A vacuum head 70 is mounted at the filling station 18 and at the opposite side of the carton conveyor from the bag transfer mechanism 24a and is connected by a flexible hose 72 to a suitable vacuum source such as the vacuum source 74, diagrammatically illustrated in FIG. 5. The apparatus 10a also includes a sensing device indicated generally at 56a in FIG. 6 and substantially identical to the sensing device 56 previously discussed.
During a typical operational cycle the guide plates 62, 62 are in active position adjacent the near open end of an associated carton sleeve at the filling station 18a. A bag B disposed within the guide shroud 28a, as shown in FIGS. 5 and 6, is moved toward the near open end of the carton sleeve C at the filling station by the pusher plate 68. Since the vacuum head 70 operates continuously to draw a vacuum on the interior of the sleeve C it is only necessary for the pusher plate 68 to advance the bag at short distance so that its leading bottom end of the bag enters the near end of the carton sleeve to be filled. The vacuum head 70 then draws the bag and its contents the remaining distance into the carton sleeve while the next succeeding carton is being simultaneously delivered to the bag transfer mechanism 24a by the form, fill and seal machine 26b. When the sensing device 56a detects movement of a bag B onto the plates 64, 64, the air cylinder associated with the carton transfer mechanism 20a operates to deposit an erected carton sleeve on the carton conveyor.
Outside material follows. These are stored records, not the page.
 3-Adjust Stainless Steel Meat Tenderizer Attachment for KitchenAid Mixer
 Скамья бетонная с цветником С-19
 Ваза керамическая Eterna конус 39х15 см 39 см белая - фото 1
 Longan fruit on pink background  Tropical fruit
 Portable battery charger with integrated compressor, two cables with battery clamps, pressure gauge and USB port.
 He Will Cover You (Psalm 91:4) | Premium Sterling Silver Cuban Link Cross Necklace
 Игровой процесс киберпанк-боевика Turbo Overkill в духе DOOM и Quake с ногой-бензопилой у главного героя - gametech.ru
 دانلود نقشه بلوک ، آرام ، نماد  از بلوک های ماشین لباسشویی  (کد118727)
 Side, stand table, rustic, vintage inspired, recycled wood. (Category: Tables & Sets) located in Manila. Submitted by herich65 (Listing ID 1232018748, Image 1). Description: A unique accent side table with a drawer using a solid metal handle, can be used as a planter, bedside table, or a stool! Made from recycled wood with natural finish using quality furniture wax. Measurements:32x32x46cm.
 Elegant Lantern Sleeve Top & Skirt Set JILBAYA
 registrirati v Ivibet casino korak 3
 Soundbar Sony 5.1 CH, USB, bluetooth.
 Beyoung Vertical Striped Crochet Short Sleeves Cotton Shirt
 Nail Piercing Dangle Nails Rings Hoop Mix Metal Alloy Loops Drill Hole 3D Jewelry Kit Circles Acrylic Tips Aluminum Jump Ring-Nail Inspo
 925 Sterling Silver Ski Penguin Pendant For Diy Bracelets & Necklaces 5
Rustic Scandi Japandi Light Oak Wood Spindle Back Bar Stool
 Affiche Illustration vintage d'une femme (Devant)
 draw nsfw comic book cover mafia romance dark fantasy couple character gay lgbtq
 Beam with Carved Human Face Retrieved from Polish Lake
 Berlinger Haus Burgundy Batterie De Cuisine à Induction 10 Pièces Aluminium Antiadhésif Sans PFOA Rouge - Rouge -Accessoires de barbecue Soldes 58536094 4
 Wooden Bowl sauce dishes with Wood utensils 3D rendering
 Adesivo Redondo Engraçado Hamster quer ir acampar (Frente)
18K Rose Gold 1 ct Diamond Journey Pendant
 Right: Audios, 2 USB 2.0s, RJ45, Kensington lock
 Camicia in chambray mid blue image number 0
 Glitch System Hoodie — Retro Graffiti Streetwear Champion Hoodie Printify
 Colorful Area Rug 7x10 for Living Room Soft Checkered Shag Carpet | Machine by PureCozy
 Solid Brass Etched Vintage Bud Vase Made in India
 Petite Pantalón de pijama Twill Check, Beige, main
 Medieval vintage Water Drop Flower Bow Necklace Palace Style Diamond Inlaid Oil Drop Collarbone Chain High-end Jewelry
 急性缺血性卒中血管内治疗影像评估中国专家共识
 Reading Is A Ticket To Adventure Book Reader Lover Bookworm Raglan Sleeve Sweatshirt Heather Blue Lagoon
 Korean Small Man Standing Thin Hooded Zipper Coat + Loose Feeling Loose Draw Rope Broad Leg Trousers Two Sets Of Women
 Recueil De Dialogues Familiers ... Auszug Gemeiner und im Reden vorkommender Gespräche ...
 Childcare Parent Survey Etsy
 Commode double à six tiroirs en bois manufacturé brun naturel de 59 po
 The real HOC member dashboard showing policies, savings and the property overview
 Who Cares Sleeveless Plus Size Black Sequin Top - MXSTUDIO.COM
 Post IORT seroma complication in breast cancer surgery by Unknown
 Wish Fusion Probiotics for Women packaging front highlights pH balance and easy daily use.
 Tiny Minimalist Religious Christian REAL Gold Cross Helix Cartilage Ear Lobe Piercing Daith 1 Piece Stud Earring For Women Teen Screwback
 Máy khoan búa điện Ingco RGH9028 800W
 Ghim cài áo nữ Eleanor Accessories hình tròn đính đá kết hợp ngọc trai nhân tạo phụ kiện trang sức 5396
The guide shroud 28 is retracted to allow the carton conveyor 12a to move the filled carton sleeve C from the filling station 18a to the next station 30a and to move the erected carton sleeve from the carton receiving station 16a to the carton filling station 18a. A rotary side flap closing device, indicated at 55a operates to engage and close the trailing side flap at the far end of the carton sleeve on the fly, as the carton sleeve is advanced from the carton receiving station 16 to the carton filling station 18. The leading side flap at the far end of the advancing carton sleeve is closed by engagement with the stationary flap closing member associated with the vacuum head, but not shown. After the conveyor 12 has indexed, the guide plates 62, 62 move to active position. The plates 64, 64 then move to open position to drop bag B into position between the guide plates 62, 62, whereupon the aforesaid operation is repeated.
The vacuum head 70 may be used in combination with any suitable bag transfer mechanism capable of positioning a bag at the entry or near open end of an associated carton sleeve. The vacuum head 70 may, for example, be substituted for the arresting rail 54 and used in combination with the bag transfer mechanism 24 shown in FIG. 1, and such arrangement is contemplated and is particularly advantageous for moving bags of heavier products.